At 47-metres tall, the finely decorated Kalyan minaret is not only the highest in Uzbekistan but also the oldest. Built in 1127, this elegant tower so impressed Genghis Khan that he spared its destruction as his troops razed the rest of the city. The structure is also famous for a form of corporal punishment once popularly accepted in Central Asia. Known as jaculation, the practice consisted of hurling accused criminals off the top of minarets, wrapped in cloth sacks to minimize the mess below.

As a refuge from the sun, nothing beats the coolness of a traditional bazaar with its many domed roofs above colourful shops. All manner of goods can be found here, but since fine quality, handmade silk carpets can be bought for a fraction of the price paid at home, carpet shops offer the most allure for travellers. The tradition of carpet weaving in Central Asia dates back hundreds of years; there is even a rug motif named after this city. The Bukhara carpet design, a form of stylized lozenges often mistakenly associated with Indian rugs, is in fact original to Central Asia. As in souks everywhere, bargaining is expected for all merchandise big or small. But unlike most shops in North Africa or the Middle East, there is no pressure to buy here.

At the end of the day, when sightseeing or shopping becomes a burden, it's time to stop for tea at a chaihana.
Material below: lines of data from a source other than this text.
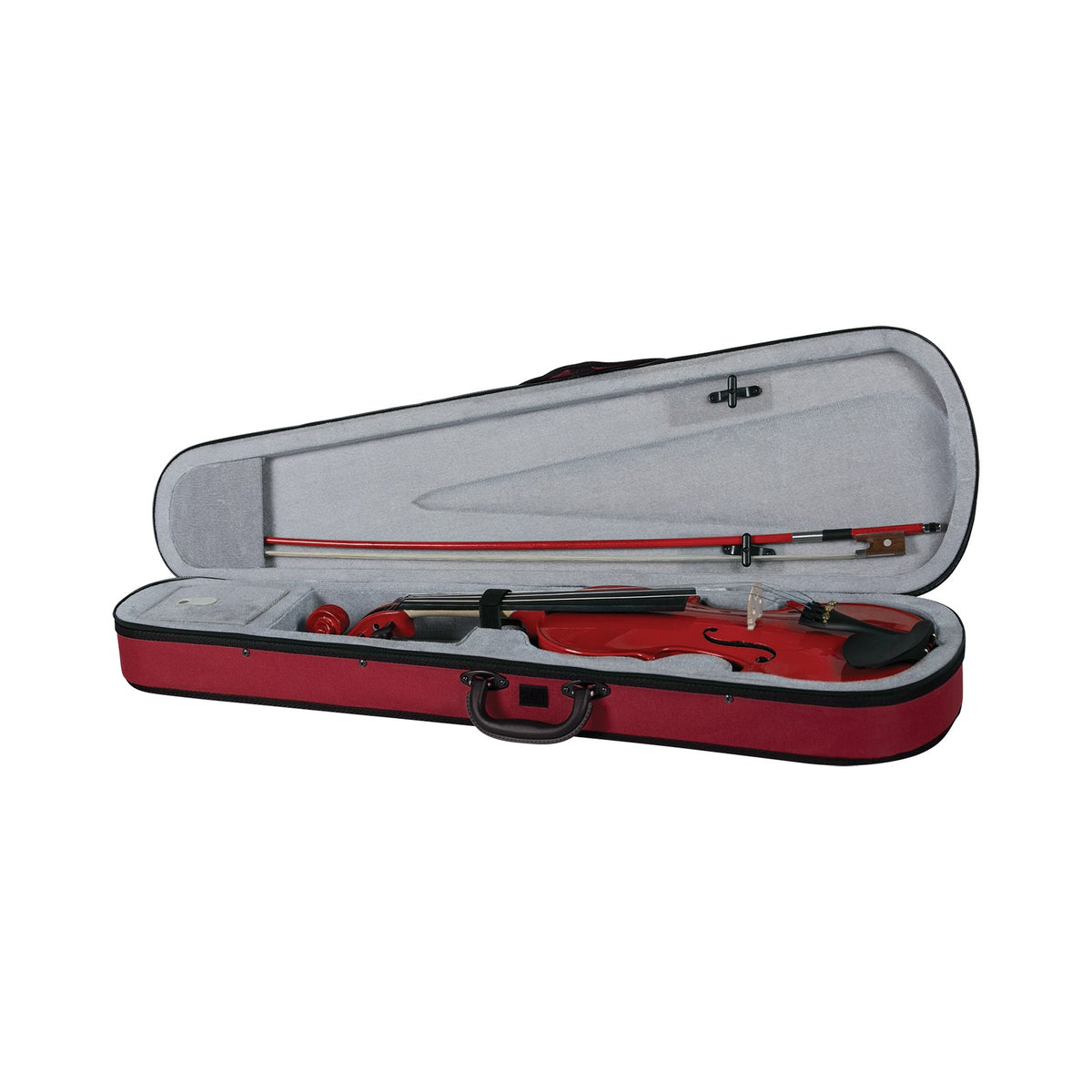 Open shaped violin case in sparkling red with the Anton Breton AB-05RD violin and bow inside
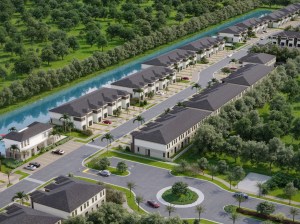 Aerial rendering of the Stellar Townhomes at Space Coast in, a BTR project in Rockledge, Fla.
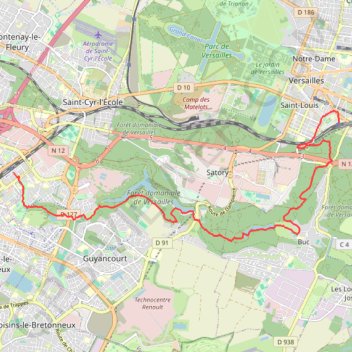 Trace GPS De Saint Quentin en Yvelines à Versailles, itinéraire, parcours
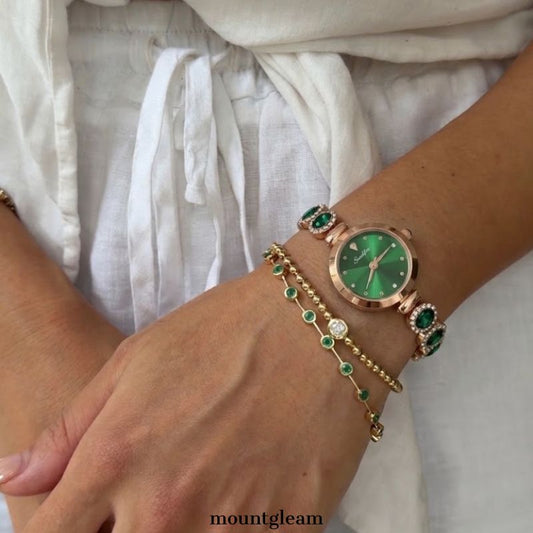 Modern Romantic: Green Round Dial with Rose Gold Bezel & Green Gemstone Bracelet
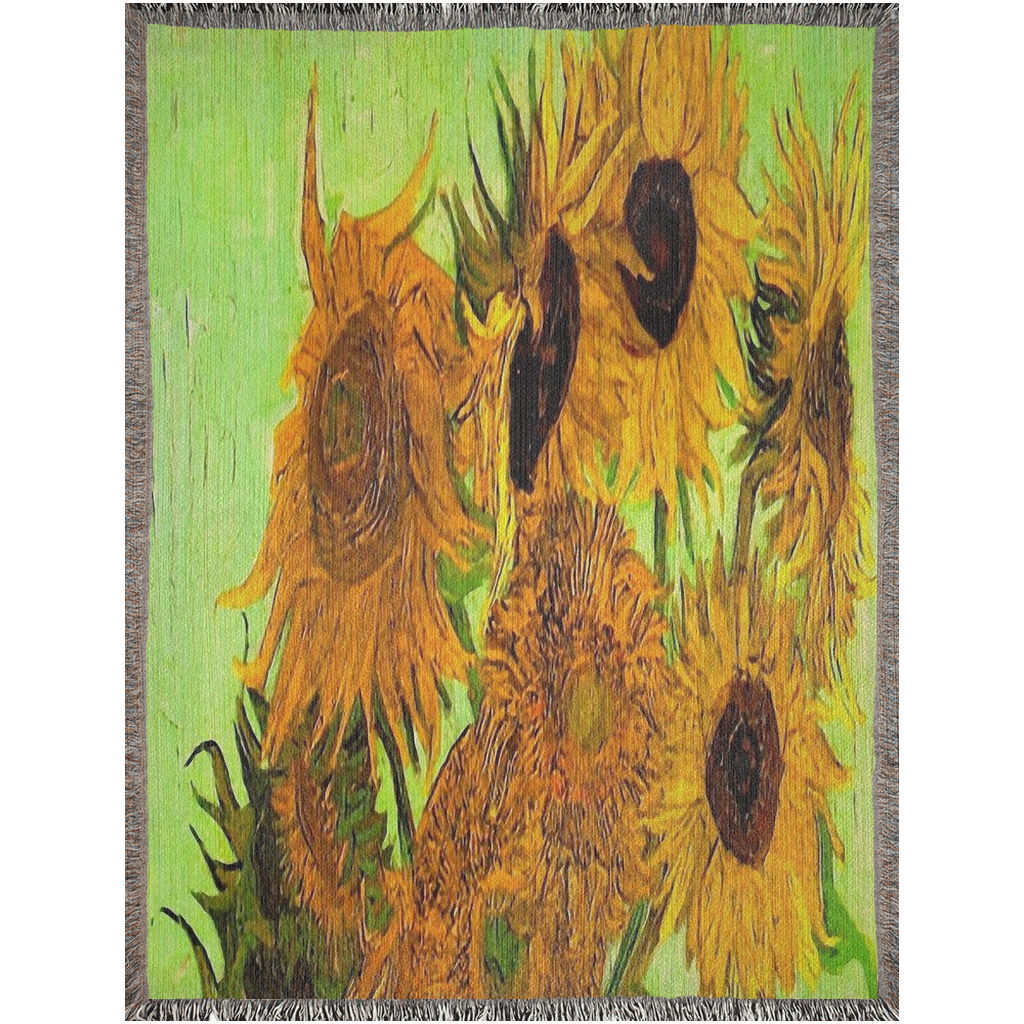 100% cotton Vintage Floral design woven blanket, 50 x 60 or 60 x 80in, Design 48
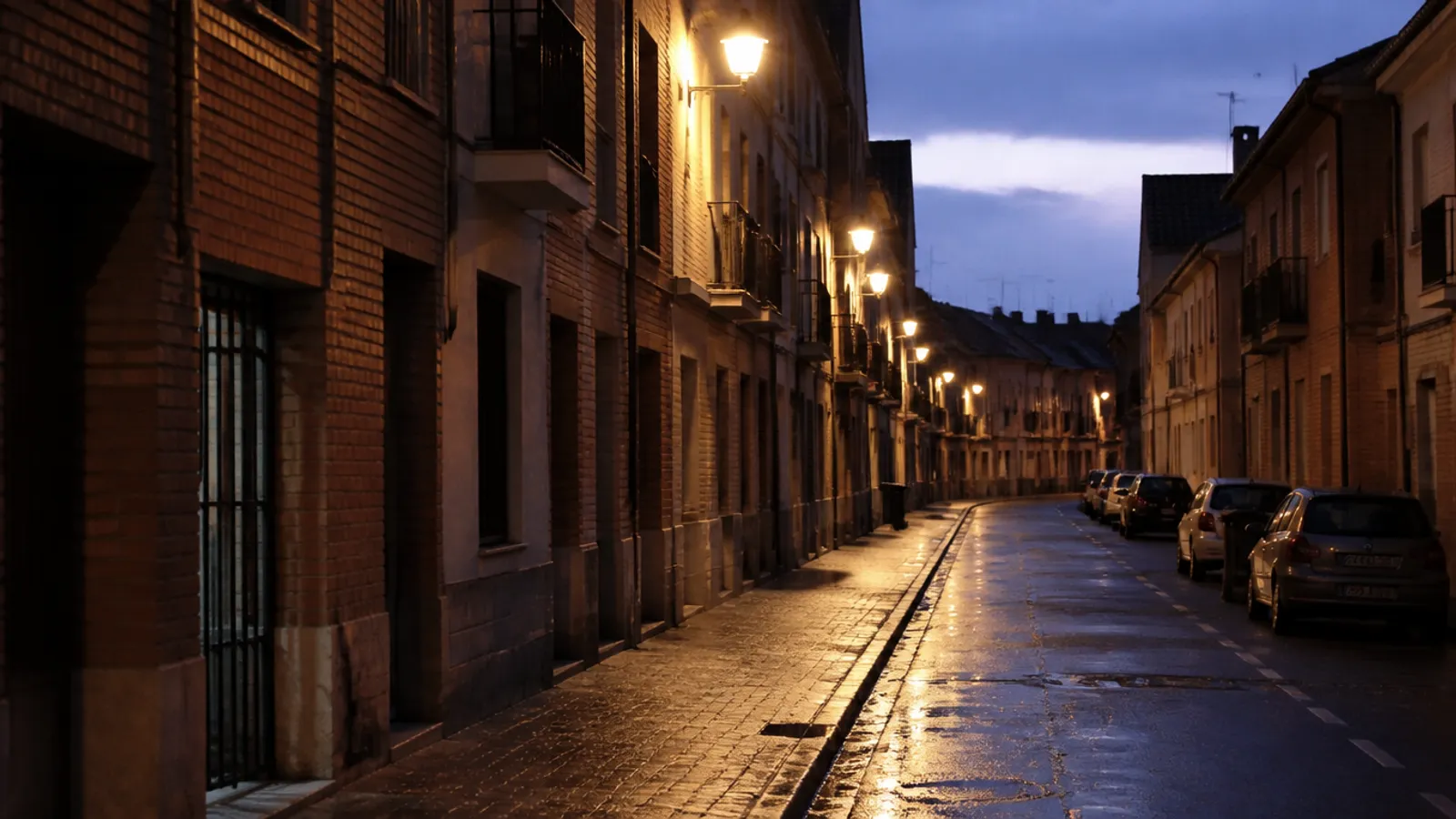 Calle residencial de Zaragoza al atardecer, zona habitual de desatascos a domicilio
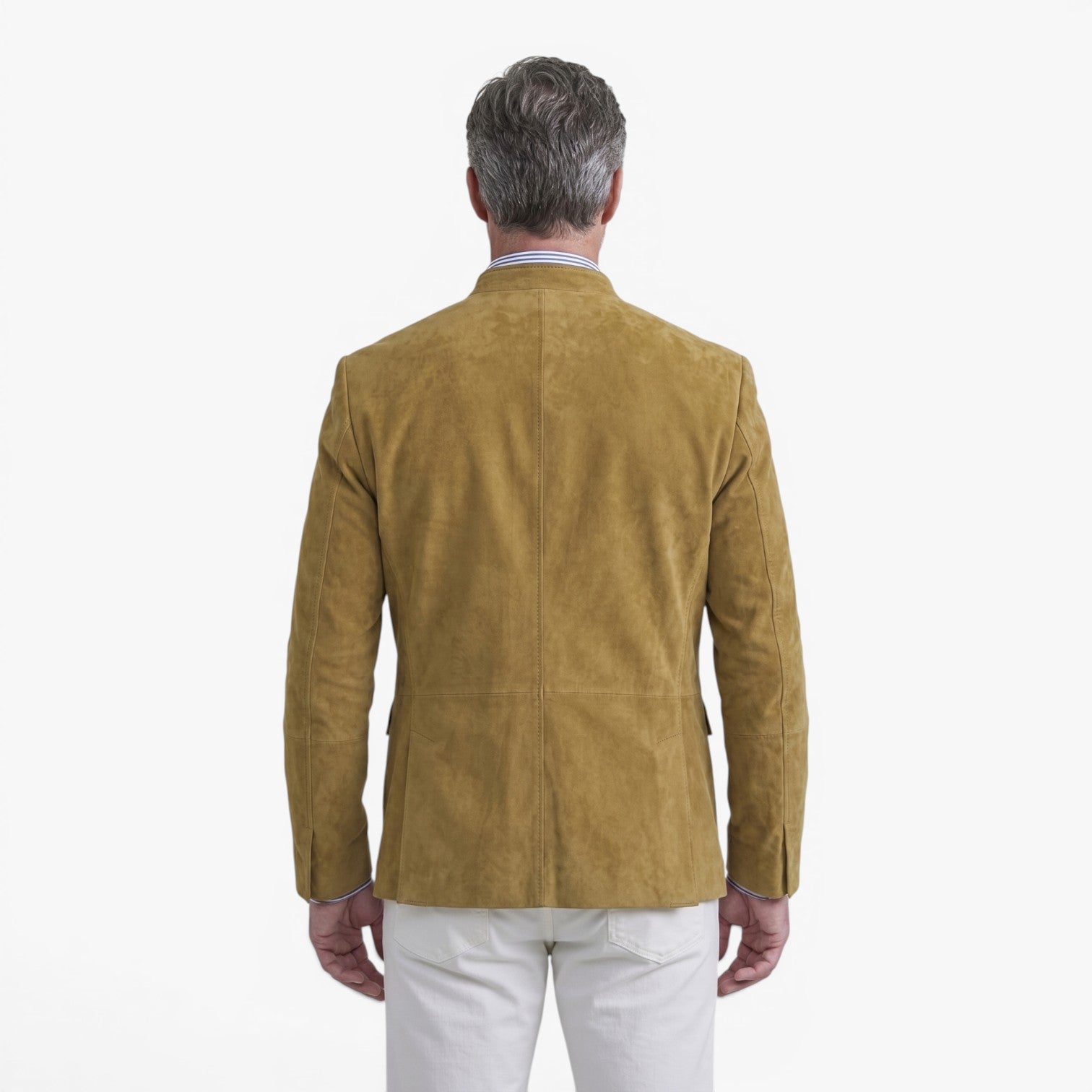 Men's Vintage Suede Military-Inspired Stand Collar Blazer Jacket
There are many such teahouses around the Lyabi-Khauz Plaza, the town's social hub. With its large reflecting pool surrounded by mosques, parks and restaurants, this is the ideal spot for people watching. Local children come here to share the cool water with ducks, while their elders gather to play chess or smoke water pipes. Groups of Russian tourists can be seen keeping low profiles in the restaurants while boisterous Uzbek matrons haggle over the prices of melons in the adjacent shops. The smell of barbecued meat fills the air, beckoning the most reticent stomachs. Here the pace of life has not changed in centuries, and it is this languor, sorely missing in our times, that gives Bukhara its romance.

When we got back to the B&B, Sonia had set up chairs in front of the TV for guests to catch the World Cup. It was a makeshift drawing room, casually set up in the hotel's outdoor courtyard. Besides myself, there was a Russian emigré, a couple from France and another from Australia — all of us watching TV under a starlit sky. In this informal atmosphere, conversation flowed, switching from soccer to travel then back to soccer in less time than it took to score a goal. We sat under the open sky, bemoaning the fate of tourist-infested places and thanking our lucky stars to be in unspoilt Bukhara.

In late evening, I left the group to email my family from Sonia's desk. She had gone home a while ago, but had thoughtfully left instructions on her desk for guests to use her computer. From a small, mostly forgotten Oriental town, I sent out these words: "Hello everyone from Bukhara, Central Asia, where I saw our soccer team lose three to one on CNN."